■ ASSIGNMENT ■
Starting with the line that contains "出售 3 卧室 联排别墅 在 Sai Noi, Nonthaburi" and stopping after the line that contains "New Laptop HP", copy the entries below exactly. Include nothing else.

THE INPUT: Begin

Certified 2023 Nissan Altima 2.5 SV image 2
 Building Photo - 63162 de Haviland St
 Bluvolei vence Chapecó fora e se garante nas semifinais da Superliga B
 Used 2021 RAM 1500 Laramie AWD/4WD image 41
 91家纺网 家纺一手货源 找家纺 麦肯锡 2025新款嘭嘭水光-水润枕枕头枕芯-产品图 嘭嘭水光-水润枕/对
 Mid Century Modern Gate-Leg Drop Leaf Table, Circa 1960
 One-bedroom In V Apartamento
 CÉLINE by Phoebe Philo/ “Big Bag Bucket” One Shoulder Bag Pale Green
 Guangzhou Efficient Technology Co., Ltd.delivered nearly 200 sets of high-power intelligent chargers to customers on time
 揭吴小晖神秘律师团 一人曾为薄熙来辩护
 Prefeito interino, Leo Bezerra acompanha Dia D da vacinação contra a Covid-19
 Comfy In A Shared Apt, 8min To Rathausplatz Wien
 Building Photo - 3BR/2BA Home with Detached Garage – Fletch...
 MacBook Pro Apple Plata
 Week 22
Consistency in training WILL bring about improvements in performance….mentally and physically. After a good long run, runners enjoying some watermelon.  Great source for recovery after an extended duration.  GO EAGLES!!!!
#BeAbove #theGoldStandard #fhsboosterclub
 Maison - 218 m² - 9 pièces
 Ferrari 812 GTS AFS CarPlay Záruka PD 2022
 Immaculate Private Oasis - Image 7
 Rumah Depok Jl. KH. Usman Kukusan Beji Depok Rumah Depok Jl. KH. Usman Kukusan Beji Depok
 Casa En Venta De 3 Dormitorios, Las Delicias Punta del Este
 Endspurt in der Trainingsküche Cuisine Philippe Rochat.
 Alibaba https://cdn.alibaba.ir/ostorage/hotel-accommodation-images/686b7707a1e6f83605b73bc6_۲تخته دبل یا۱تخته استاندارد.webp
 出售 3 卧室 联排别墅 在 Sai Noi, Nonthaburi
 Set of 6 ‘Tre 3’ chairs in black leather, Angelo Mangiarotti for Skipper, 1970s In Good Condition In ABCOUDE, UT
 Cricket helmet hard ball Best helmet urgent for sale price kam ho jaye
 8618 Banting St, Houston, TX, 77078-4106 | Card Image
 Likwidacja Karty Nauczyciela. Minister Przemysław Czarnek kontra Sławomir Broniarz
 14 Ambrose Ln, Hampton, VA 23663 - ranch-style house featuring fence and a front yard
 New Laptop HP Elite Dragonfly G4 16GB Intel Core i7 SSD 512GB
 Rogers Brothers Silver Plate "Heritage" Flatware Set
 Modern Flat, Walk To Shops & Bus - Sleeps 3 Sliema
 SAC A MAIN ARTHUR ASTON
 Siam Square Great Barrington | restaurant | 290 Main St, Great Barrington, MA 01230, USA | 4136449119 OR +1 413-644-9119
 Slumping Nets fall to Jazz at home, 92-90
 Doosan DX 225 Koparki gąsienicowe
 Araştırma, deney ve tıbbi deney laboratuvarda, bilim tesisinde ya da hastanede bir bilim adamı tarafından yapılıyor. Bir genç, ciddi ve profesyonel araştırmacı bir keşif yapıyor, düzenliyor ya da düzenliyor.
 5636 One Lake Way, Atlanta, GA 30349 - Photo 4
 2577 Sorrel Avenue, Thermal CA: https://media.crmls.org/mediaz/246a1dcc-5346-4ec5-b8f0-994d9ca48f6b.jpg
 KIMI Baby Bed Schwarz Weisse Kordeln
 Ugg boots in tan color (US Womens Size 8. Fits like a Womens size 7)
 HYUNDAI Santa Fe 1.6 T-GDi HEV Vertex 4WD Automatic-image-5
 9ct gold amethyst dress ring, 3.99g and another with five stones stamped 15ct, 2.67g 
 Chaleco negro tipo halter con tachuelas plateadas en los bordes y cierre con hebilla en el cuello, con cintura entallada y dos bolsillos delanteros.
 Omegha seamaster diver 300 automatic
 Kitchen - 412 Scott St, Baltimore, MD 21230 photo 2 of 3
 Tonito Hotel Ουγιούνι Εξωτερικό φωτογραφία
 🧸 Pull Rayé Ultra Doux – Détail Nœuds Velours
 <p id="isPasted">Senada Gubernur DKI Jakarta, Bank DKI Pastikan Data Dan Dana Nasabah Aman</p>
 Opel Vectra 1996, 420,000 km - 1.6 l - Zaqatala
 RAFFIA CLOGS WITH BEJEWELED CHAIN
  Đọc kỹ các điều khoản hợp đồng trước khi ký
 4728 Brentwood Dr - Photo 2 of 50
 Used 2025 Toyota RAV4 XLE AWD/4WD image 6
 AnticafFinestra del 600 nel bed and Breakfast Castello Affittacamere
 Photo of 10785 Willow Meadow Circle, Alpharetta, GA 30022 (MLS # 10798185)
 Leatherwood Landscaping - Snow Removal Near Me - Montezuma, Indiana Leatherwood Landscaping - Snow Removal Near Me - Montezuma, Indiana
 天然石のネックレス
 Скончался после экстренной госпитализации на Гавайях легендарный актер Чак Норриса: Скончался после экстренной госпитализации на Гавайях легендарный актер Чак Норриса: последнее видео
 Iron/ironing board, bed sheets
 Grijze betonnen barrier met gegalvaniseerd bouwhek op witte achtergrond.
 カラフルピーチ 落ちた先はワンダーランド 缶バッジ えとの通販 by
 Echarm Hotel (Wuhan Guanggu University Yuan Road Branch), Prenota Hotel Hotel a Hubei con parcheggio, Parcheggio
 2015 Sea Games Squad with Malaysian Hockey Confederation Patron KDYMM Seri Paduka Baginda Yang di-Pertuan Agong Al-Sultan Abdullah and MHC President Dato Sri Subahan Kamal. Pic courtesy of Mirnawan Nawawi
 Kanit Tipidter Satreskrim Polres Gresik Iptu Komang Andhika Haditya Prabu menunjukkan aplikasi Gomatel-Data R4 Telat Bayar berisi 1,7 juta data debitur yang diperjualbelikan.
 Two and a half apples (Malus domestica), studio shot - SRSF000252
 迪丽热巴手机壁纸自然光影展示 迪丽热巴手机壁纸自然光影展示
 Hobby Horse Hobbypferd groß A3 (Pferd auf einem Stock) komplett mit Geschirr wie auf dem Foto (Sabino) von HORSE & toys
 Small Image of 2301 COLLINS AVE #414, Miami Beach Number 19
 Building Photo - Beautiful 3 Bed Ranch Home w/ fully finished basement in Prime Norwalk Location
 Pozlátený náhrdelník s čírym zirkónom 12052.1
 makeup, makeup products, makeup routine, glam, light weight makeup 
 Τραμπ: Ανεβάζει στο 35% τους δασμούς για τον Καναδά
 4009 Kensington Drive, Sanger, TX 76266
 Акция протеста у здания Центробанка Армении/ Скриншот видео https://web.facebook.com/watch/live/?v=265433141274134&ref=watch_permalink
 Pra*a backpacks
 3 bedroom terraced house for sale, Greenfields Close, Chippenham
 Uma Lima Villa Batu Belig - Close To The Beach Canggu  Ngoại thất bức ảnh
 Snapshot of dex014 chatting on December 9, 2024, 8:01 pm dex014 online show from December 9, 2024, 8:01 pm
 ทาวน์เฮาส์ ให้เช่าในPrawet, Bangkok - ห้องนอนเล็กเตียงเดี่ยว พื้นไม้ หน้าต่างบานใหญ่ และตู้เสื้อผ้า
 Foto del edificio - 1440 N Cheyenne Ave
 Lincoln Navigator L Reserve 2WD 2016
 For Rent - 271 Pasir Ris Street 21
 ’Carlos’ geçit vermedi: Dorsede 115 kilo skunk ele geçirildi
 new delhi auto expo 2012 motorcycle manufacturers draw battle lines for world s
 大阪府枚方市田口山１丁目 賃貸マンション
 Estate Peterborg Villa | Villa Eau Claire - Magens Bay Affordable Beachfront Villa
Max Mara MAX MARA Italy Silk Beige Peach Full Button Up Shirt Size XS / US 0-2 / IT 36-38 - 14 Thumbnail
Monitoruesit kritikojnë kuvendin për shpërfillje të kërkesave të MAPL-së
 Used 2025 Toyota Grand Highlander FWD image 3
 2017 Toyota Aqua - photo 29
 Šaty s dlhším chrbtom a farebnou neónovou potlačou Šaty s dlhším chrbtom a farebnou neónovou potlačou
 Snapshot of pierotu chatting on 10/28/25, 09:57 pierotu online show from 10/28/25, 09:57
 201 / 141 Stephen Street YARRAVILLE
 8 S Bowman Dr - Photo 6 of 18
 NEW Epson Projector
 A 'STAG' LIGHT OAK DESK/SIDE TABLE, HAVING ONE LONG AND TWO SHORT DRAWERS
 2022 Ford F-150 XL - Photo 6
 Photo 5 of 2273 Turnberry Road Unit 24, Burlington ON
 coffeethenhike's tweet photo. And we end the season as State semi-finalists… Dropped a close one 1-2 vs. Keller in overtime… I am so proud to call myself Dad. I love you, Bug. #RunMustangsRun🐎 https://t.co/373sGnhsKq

THE INPUT: End

■ WRITTEN ANSWER ■
 出售 3 卧室 联排别墅 在 Sai Noi, Nonthaburi
 Set of 6 ‘Tre 3’ chairs in black leather, Angelo Mangiarotti for Skipper, 1970s In Good Condition In ABCOUDE, UT
 Cricket helmet hard ball Best helmet urgent for sale price kam ho jaye
 8618 Banting St, Houston, TX, 77078-4106 | Card Image
 Likwidacja Karty Nauczyciela. Minister Przemysław Czarnek kontra Sławomir Broniarz
 14 Ambrose Ln, Hampton, VA 23663 - ranch-style house featuring fence and a front yard
 New Laptop HP Elite Dragonfly G4 16GB Intel Core i7 SSD 512GB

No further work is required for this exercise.